The System of Profound Knowledge was developed by W. Edwards Deming across a lifetime of improvement work. It provides a map of theory by which to understand the organizations that we work in. The theory has four parts that interact to form the science of improvement: (1) Appreciation for a System, (2) Knowledge about Variation, (3) Theory of Knowledge, and (4) Psychology. 

The aim of this month’s post is to describe the Knowledge about Variation component.

What Does the Data Tell Us?

There is variation in everything we observe and measure in schools. Knowledge about Variation provides a tool kit by which to understand this variation. Educators are inundated with data, but what’s much more difficult is knowing how to interpret and make sound decisions with it. Do this year’s state test scores indicate that our district is improving? Was last month’s drop in per pupil revenue a sign of things to come? Did attendance rates improve this week because of the intervention we put in place or was it due to something else? The ability to answer questions like these is fundamental to our ability to make improvements.

USN’s schools started the 2020-2021 school year using a remote learning model. An 8th grade math teacher was concerned about daily engagement rates because of his experience with remote learning from the previous spring when schools were initially shut down because of the pandemic. He defined a student as engaged when they completed the math practice set that accompanied each lesson video. Table 1 displays the engagement rates for his students for the first 24 days of the school year.

Table 1. 8th Grade Math Engagement Data

If you were working with the 8th grade math teacher, what conclusions would you draw based on these data? Are engagement rates improving or declining? How do we improve engagement rates? Knowledge about Variation is needed to answer these questions and to take appropriate action.

Shewhart’s Influence

W. Edwards Deming’s understanding of variation was heavily influenced by Dr. Walter A. Shewhart, a physicist at Bell Labs who developed a theory for variation as well as a tool called a control chart in the 1920s. Control charts are sometimes referred to as Shewhart charts or process behavior charts. 

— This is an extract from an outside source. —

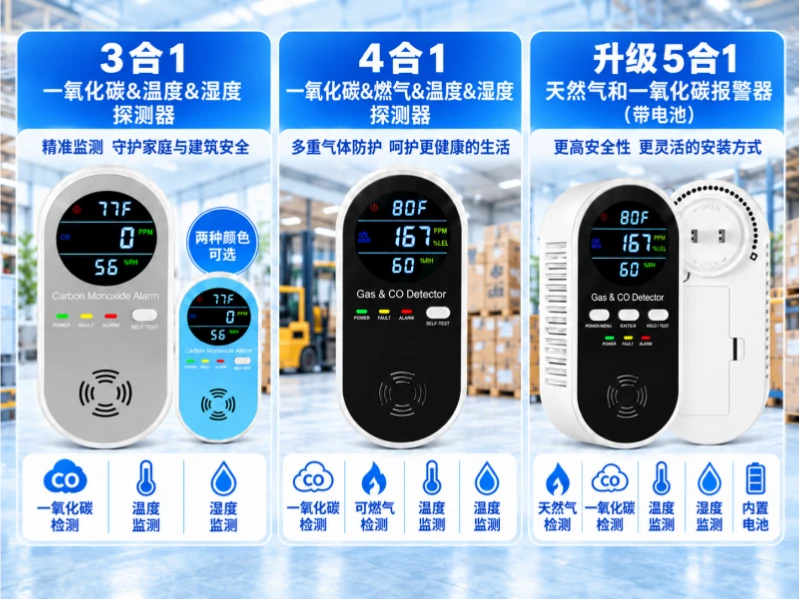 气体探测器 气体探测器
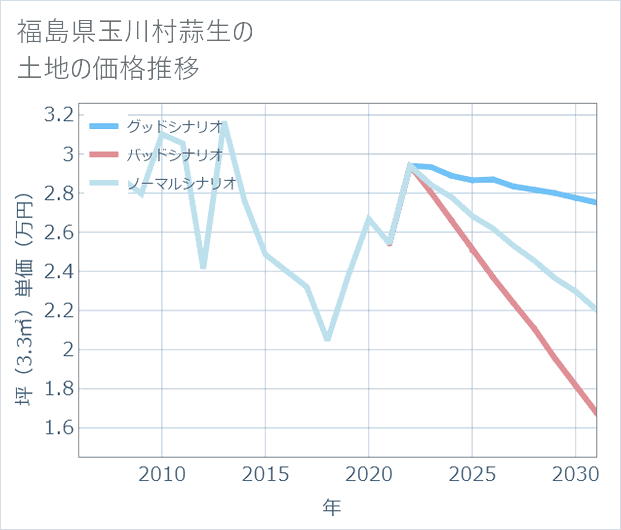 福島県玉川村蒜生の土地価格推移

Shewhart’s theory emphasizes the importance of plotting data over time, what I’ve come to call plotting the dots. Plotting data on a chart and connecting consecutive points with a line makes analysis far more intuitive than data stored in a table like Table 1.  Process behavior charts examine data from a process (or system)  to determine if the process is predictable or unpredictable. Shewhart’s Theory of Variation employs the process behavior chart to separate these two situations, the predictable and the unpredictable, based on the patterns of variation in our data over time. One pattern of variation includes common causes (aka “controlled variation” or “noise”). Common cause variation includes causes that are inherent in a process over time and affect every outcome of the process and everyone working in the process. A second pattern of variation includes special causes (aka “uncontrolled variation” or “signal”). Special cause variation is a name for sources of variation that are not part of the process all the time, or do not affect everyone, but arise because of specific circumstances. Figure 1 displays the math engagement data in a process behavior chart.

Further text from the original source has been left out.